Photo: Dorothy Alexander



The poetry of Anthony Hecht has been praised by Harold Bloom and Ted Hughes, among others, for its sure control of difficult material and its unique music and visual precision. This new volume is the fruit of a mellowing maturity that carries with it a smoky bitterness, a flavor of ancient and experienced wisdom, as in this stanza from “Sarabande on Attaining the Age of Seventy-seven”:

A turn, a glide, a quarter-turn and bow,
The stately dance advances; these are airs
Bone-deep and numbing as I should know
by now,
Diminishing the cast, like musical chairs.
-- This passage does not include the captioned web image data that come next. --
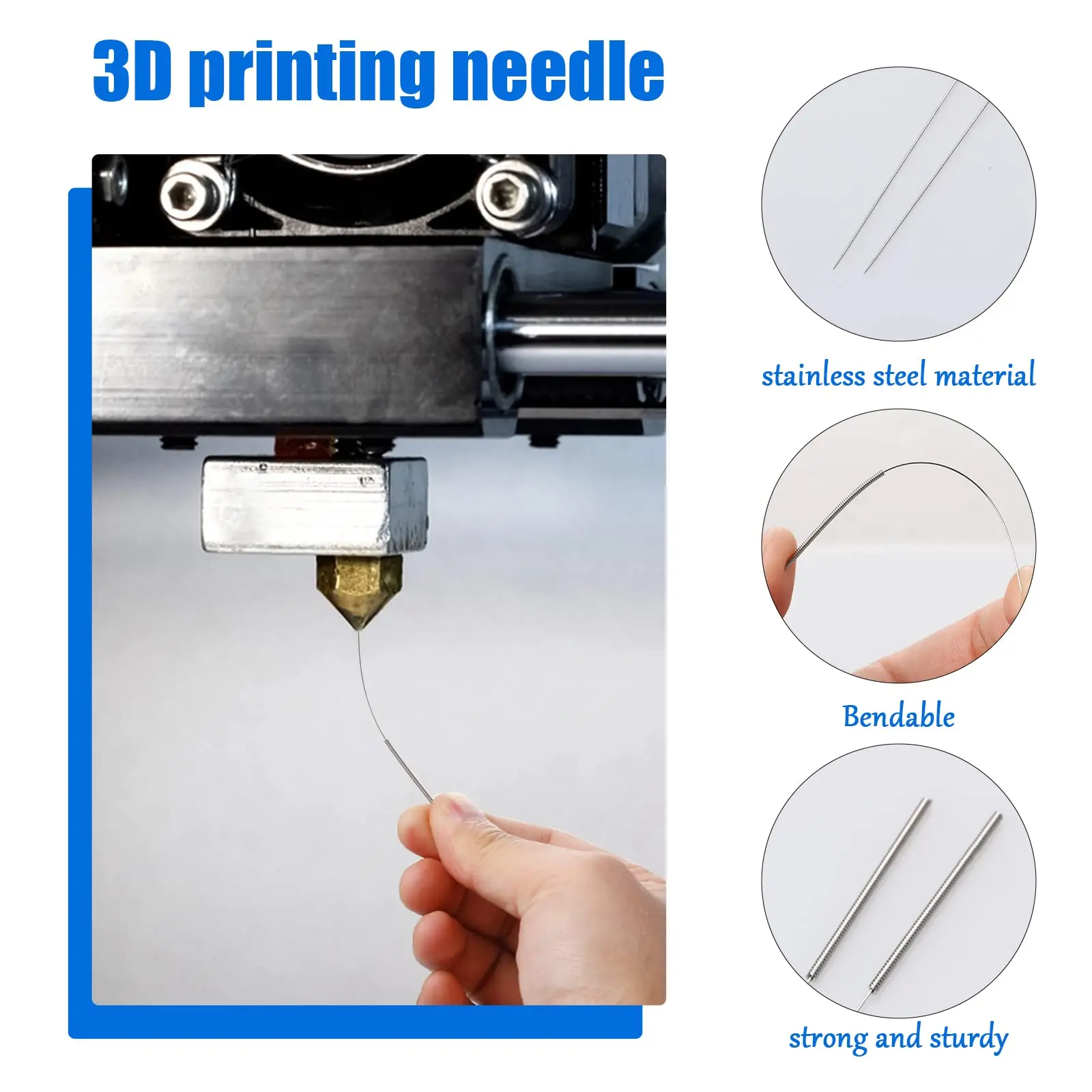 3D 프린터 클리너 도구 키트, 구리 와이어 브러시, 칫솔 깍지 청소 바늘, 3D 프린터 부품 청소 도구 렌치 키트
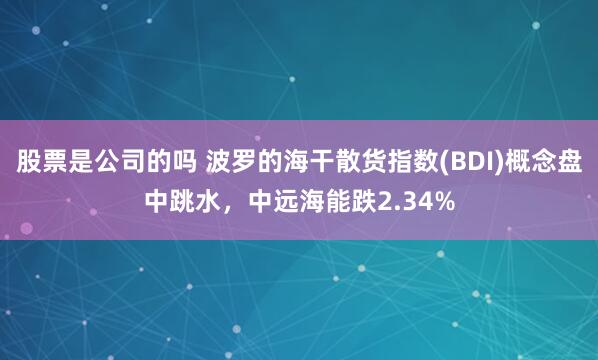 股票是公司的吗 波罗的海干散货指数(BDI)概念盘中跳水，中远海能跌2.34%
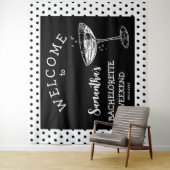 Tenture Fond de fête de Bachelorette Polka Rétro Cocktail (En situation)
Hecht’s verse—by turns lyric and narrative, formal and free—is grounded in the compassion that comes from a deep understanding of every kind of human depredation, yet is tempered by flashes of wry comedy, and still more by innocent pleasure in the gifts of the natural world. Followers of his poetry will recognize an evolution of style in many of these poems—a quiet and understated voice, passing through darkness toward realms of delight.

"Some years–no, decades!–ago, Anthony Hecht was pleased to call the poems in The Hard Hours, his second book, "a few snapshots from along the Via Negativa." Loyal to that figuration the poet remains, though how much more intense the chiaroscuro here, how much deeper the imprint: these are the poems of Horatio after so much of Denmark’s personnel has been cleared away, meditating loss and survival, rich with a survivor’s torn wisdom. For all the glee of the poesis, Hecht’s lines are severe even in their civility, their music wild even in its mastery. Rendered in his eighth book is the judgment of an unrelenting and an unreconciled art."